- [Work to be completed]: Reproduce everything from the line that contains "of Nature's Architecture" down to the line that contains "reticularia lycoperdon" in the listing below, word for word and nothing more. Leave the pictures out.

- [Records to process]:

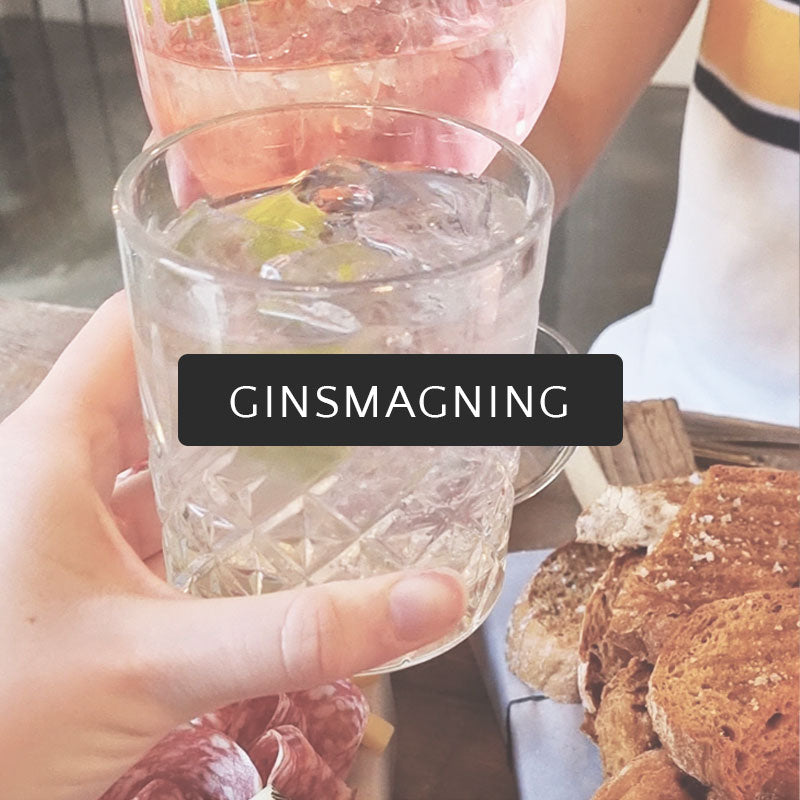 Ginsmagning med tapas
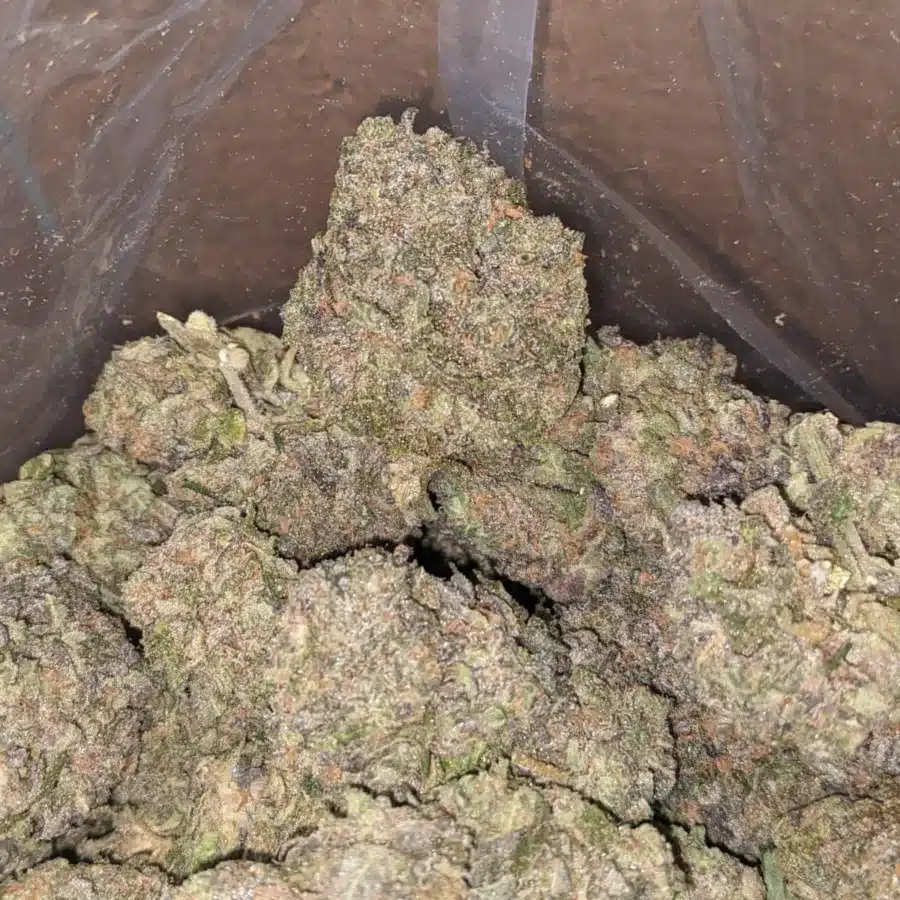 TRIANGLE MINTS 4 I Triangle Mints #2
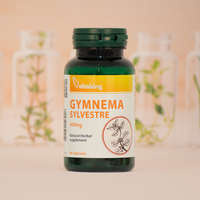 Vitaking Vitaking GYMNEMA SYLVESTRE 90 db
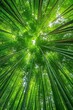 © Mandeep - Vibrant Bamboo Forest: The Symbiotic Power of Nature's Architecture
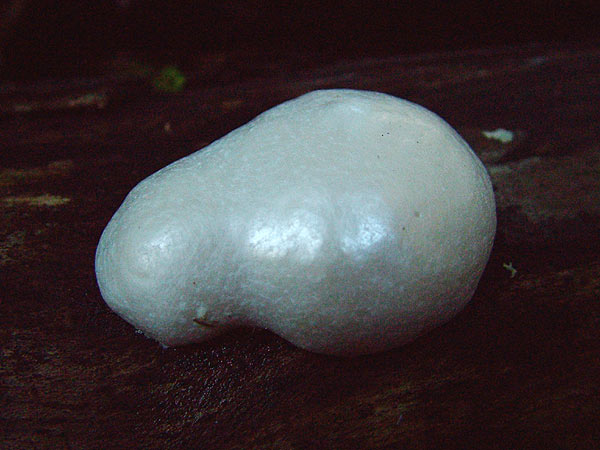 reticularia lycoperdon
==
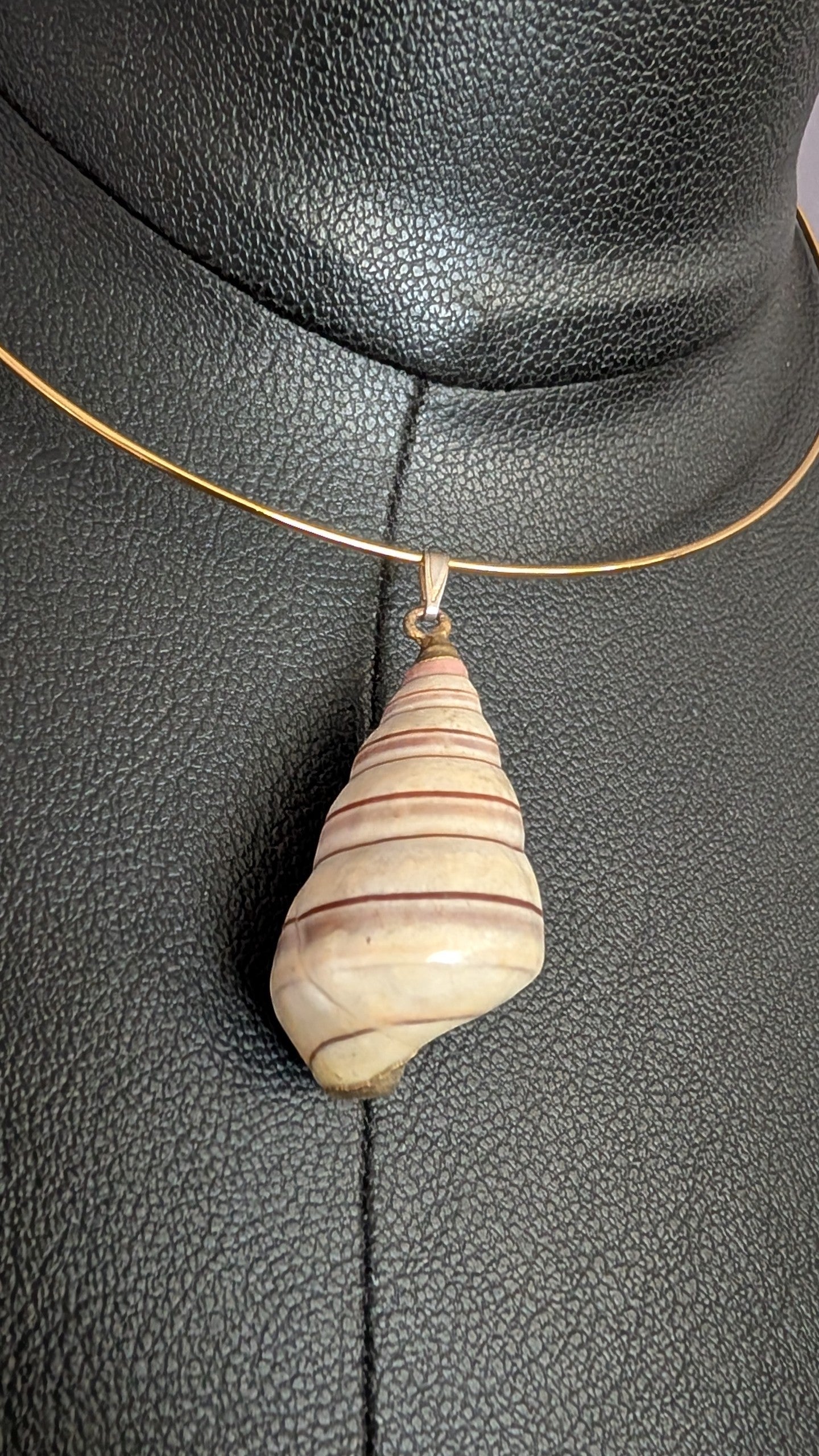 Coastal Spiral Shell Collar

- [Task output]:
 © Mandeep - Vibrant Bamboo Forest: The Symbiotic Power of Nature's Architecture
 reticularia lycoperdon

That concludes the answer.